Bounce rate is the share of sent emails that could not be delivered. Hard bounces are permanent (an invalid address); soft bounces are temporary (a full mailbox or server issue). Rising bounces signal list-quality problems and hurt sender reputation.
Click-through rate is the share of delivered or opened emails in which a recipient clicked a link. It is a more trustworthy engagement metric than open rate and a leading indicator of conversions.
Conversion rate is the share of recipients who took the goal action after a campaign — a signup, purchase, or demo request. Unlike opens and clicks, it ties email directly to business outcomes.
A dedicated sending domain is a domain or subdomain you authenticate and use to send your email, separating your reputation from shared infrastructure. Combined with SPF, DKIM, and DMARC, it is the foundation of deliverability you control.
Warming is gradually increasing send volume on a new sending domain or IP so mailbox providers build trust incrementally. Sending too much too soon from a cold domain lands you in spam, even with clean content.
Double opt-in is a subscription method where a new contact must confirm via a link in a follow-up email before being added to your list. It adds a step but produces a cleaner, more engaged list and protects sender reputation.

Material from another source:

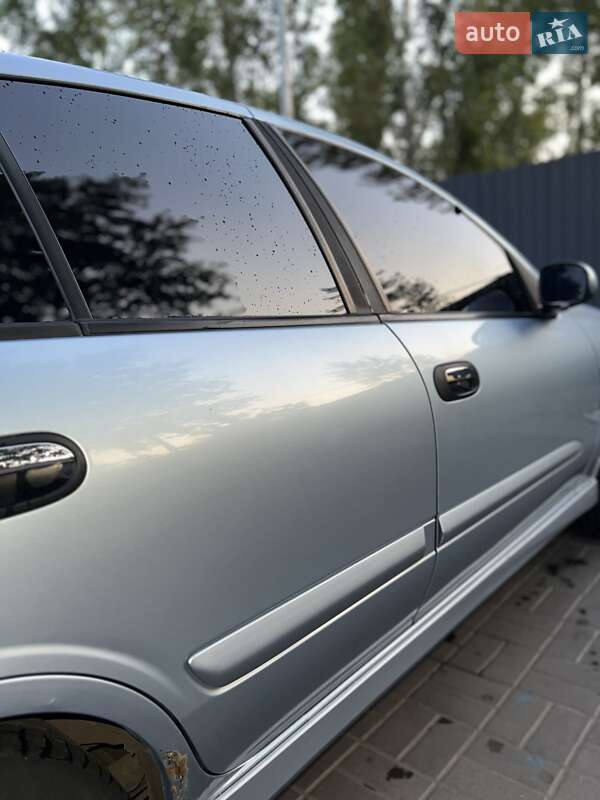 Хэтчбек Nissan Almera 2006 в Днепре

A drip campaign is a series of pre-written emails sent automatically on a schedule or triggered by an action — a welcome series, an onboarding sequence, a trial nudge. Once built, a drip runs on its own, unlike a one-off broadcast.
List hygiene is the ongoing practice of removing invalid, bounced, unengaged, and complaint-generating addresses from your email list. Clean lists deliver better, cost less to send, and protect your sender reputation.
A marketing qualified lead is a contact whose engagement — content downloads, email clicks, repeat site visits — signals enough interest that marketing considers them worth a closer look, though not yet ready for a direct sales push. Lead scoring is the usual way teams identify MQLs.
A nurture campaign is an automated sequence that builds a relationship with a lead over time — sharing relevant content and gentle nudges — until they are ready to buy. It is often triggered by lead score or lifecycle stage.
Open rate is the share of delivered emails recorded as opened. It is a soft signal at best: privacy features that pre-load images inflate it, so click rate and replies are more reliable measures of engagement.
A sales qualified lead is a contact that sales has accepted as a real opportunity worth active pursuit — typically an MQL that has shown buying intent (a demo request, pricing-page visits) and fits the ideal customer profile.
Segmentation is dividing your contacts into groups by shared attributes or behavior — industry, plan, engagement, lifecycle stage — so you can send more relevant messages. Dynamic segments update automatically as contacts change.
Sender reputation is the trust score mailbox providers assign to your sending domain and IP based on your history — bounce rates, spam complaints, engagement, and authentication. A strong reputation means your mail reaches the inbox; a poor one means the spam folder.
A spam trap is an email address used by mailbox providers and blocklists to catch senders with poor list hygiene. Hitting one — often an old, abandoned, or purchased address — can badly damage sender reputation. Regular list cleaning avoids them.
A suppression list is the set of addresses you must never email — unsubscribes, hard bounces, and complaints. Honoring it automatically is both a legal requirement and essential to protecting sender reputation.